• _What this task involves_:
For this exercise, restate every line below word for word and drop the images.

• _Recorded information_:

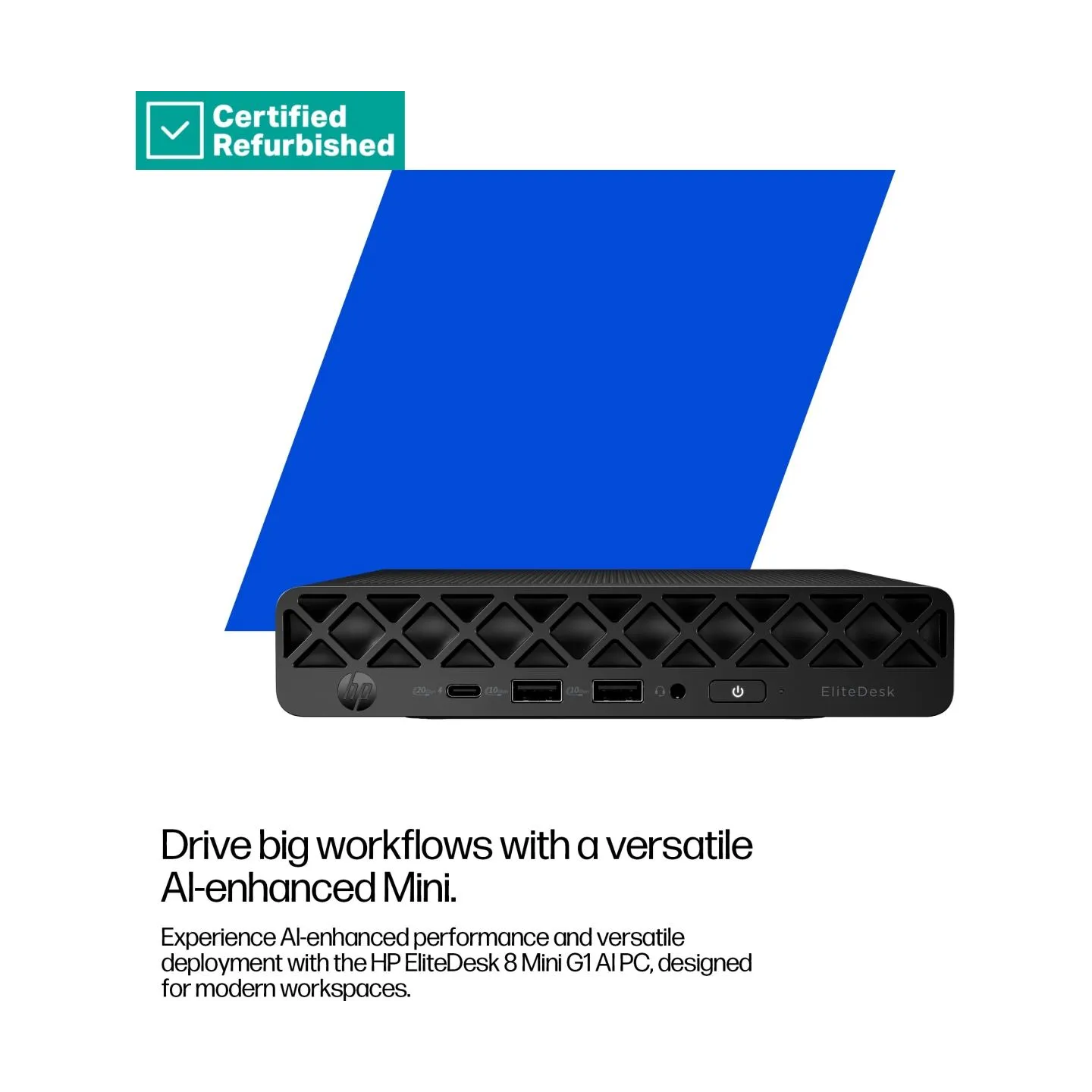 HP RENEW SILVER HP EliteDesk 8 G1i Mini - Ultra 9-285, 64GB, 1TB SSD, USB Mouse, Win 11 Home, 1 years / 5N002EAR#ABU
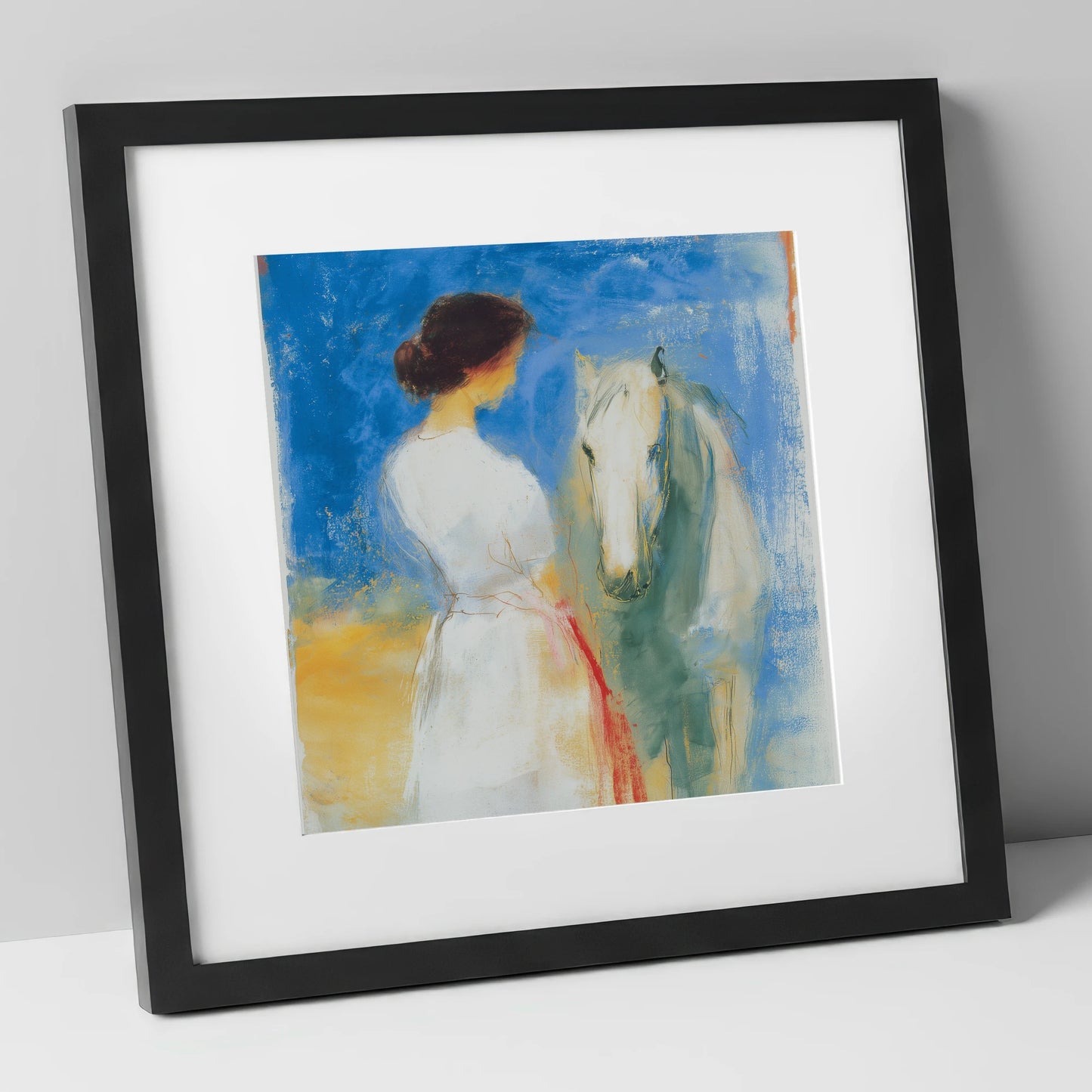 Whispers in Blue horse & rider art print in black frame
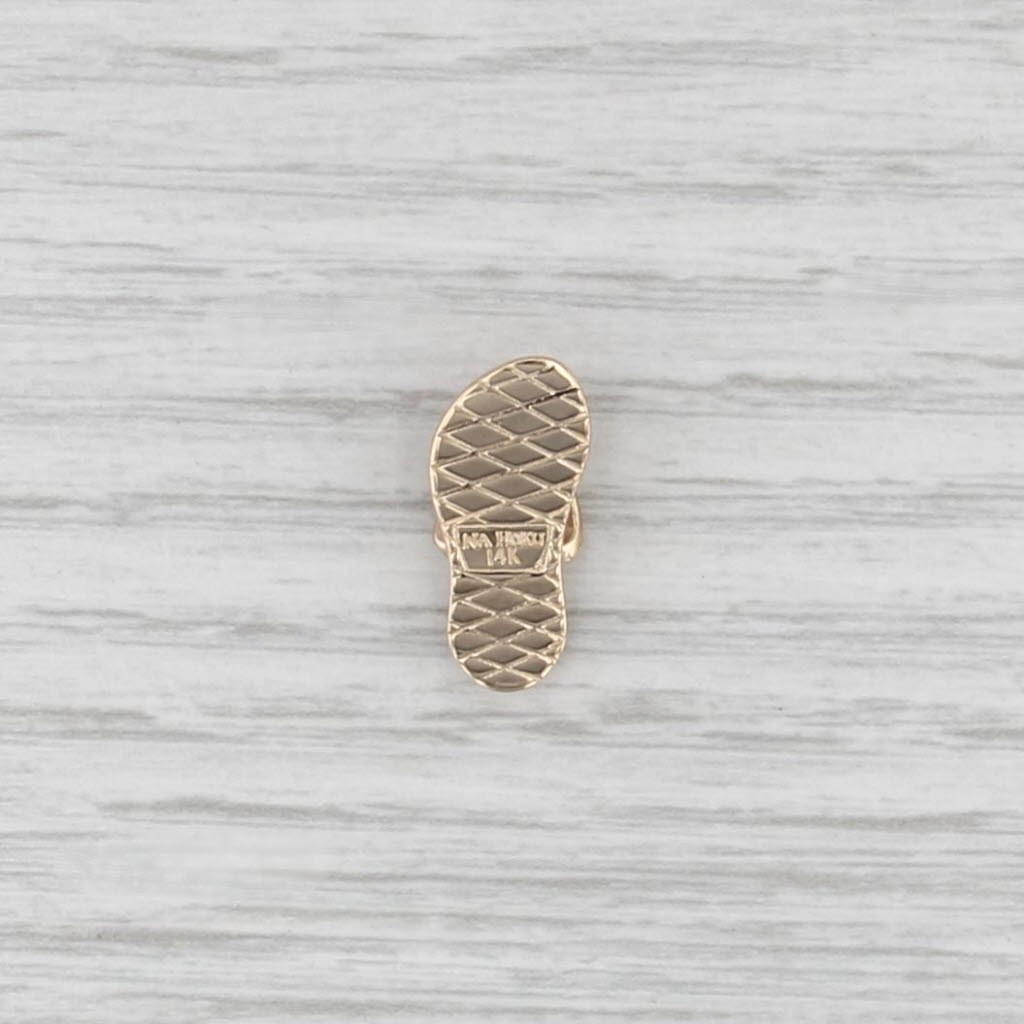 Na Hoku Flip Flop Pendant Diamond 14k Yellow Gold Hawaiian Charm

• _Result of this task_:
 HP RENEW SILVER HP EliteDesk 8 G1i Mini - Ultra 9-285, 64GB, 1TB SSD, USB Mouse, Win 11 Home, 1 years / 5N002EAR#ABU
 Whispers in Blue horse & rider art print in black frame
 Na Hoku Flip Flop Pendant Diamond 14k Yellow Gold Hawaiian Charm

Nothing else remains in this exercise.